I recently posted an excerpt from a book by Galen et al (The Nonreligious):
With the exceptions of China and Vietnam (both nondemocratic nations), the majority of the most secular countries in the world today are actually doing quite well. Indeed, many of them are among the most successful, healthy societies on earth. For it is generally among the most secular societies today that we find the greatest levels of social harmony, civility, freedom, equality, peacefulness, and prosperity. The greatest levels of inequality, oppression, crime, corruption, and destitution can be found in highly religious nations.
Otto T. Goat stated, in the comments section:
It’s possible quality of life in those countries would be even higher if the people in them were religious.

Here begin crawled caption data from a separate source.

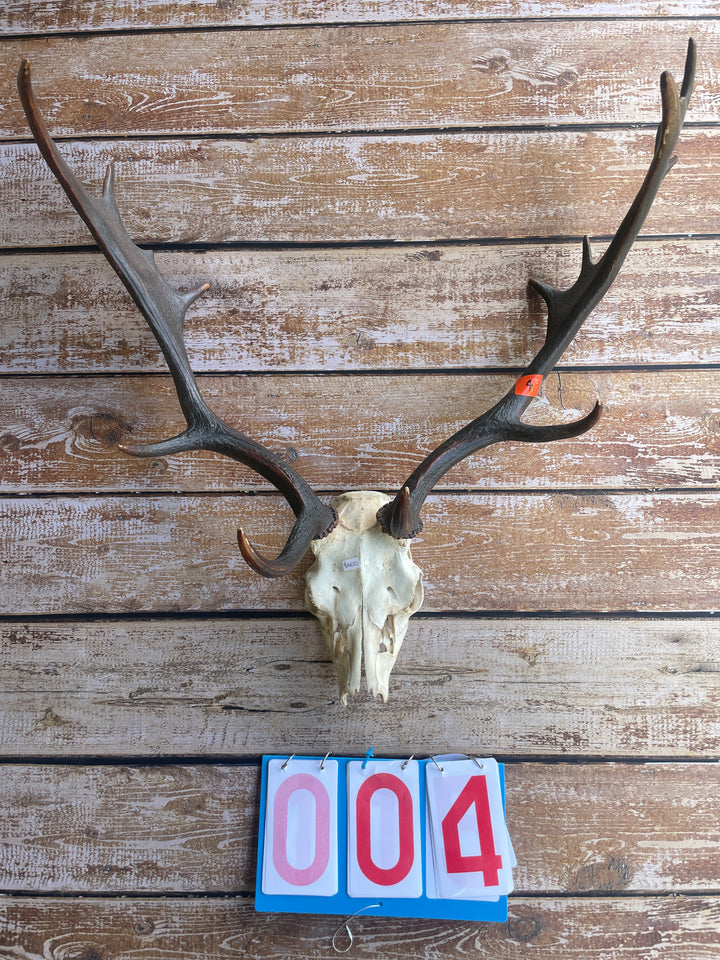 Antlers With Full Skull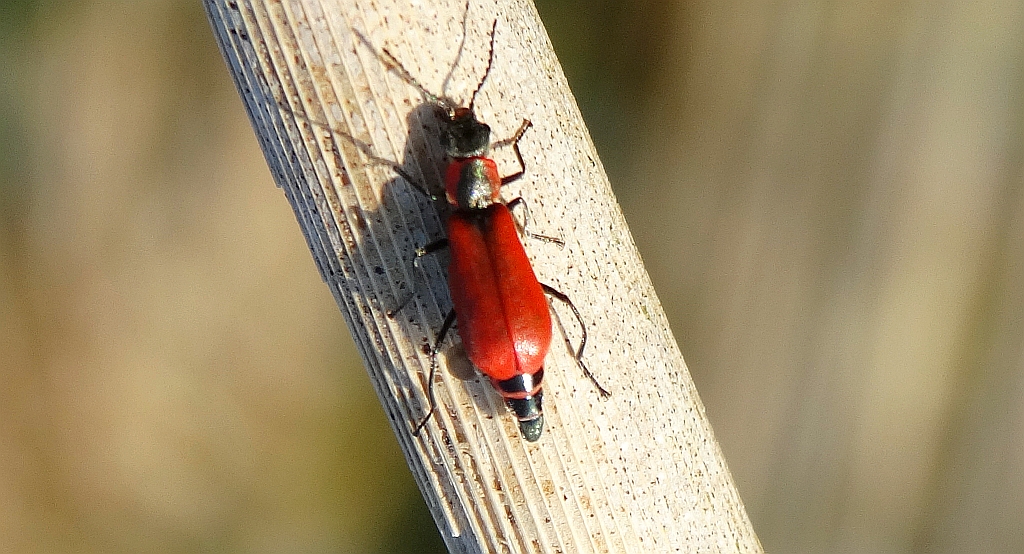 Anthocomus rufus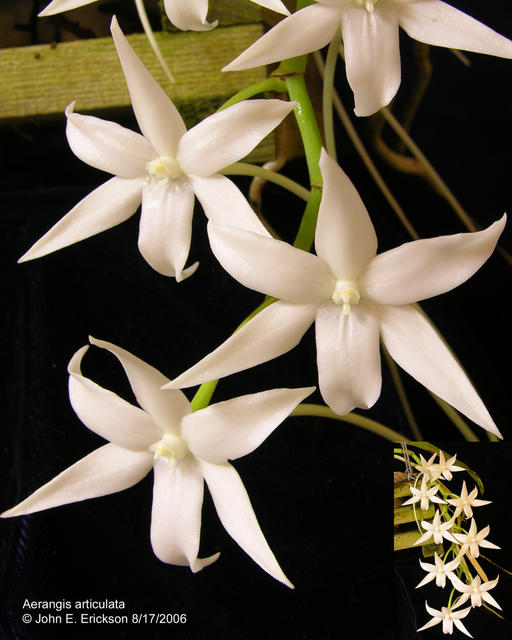 Aerangis articulata.jpg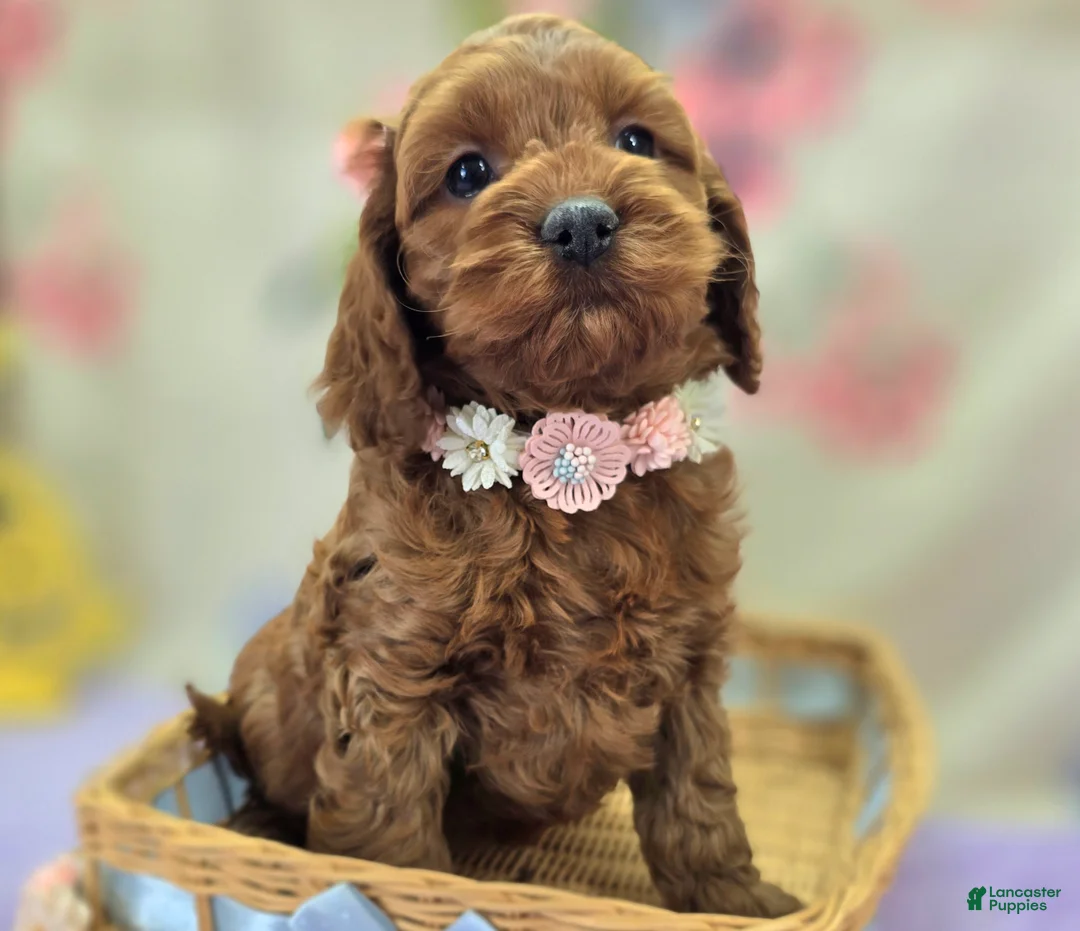 Cockapoo dogs for sale: Glaze - Ad 2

So I will deal with that today. First of all, as a fellow commenter posted:
In order for possibility statements to provide additional, logical value they either need to be transferred to probability statements involving evidence or need to be transferred to logical statements that provide a cohesive argument (syllogism). Your statement could just as easily be changed to the following and have exactly the same additive value:
>>>It’s possible quality of life in those countries would be lower if the people in them were religious.As such your statement does nothing at all to push the results forward.
The Possibiliter Fallacy — possible therefore probable.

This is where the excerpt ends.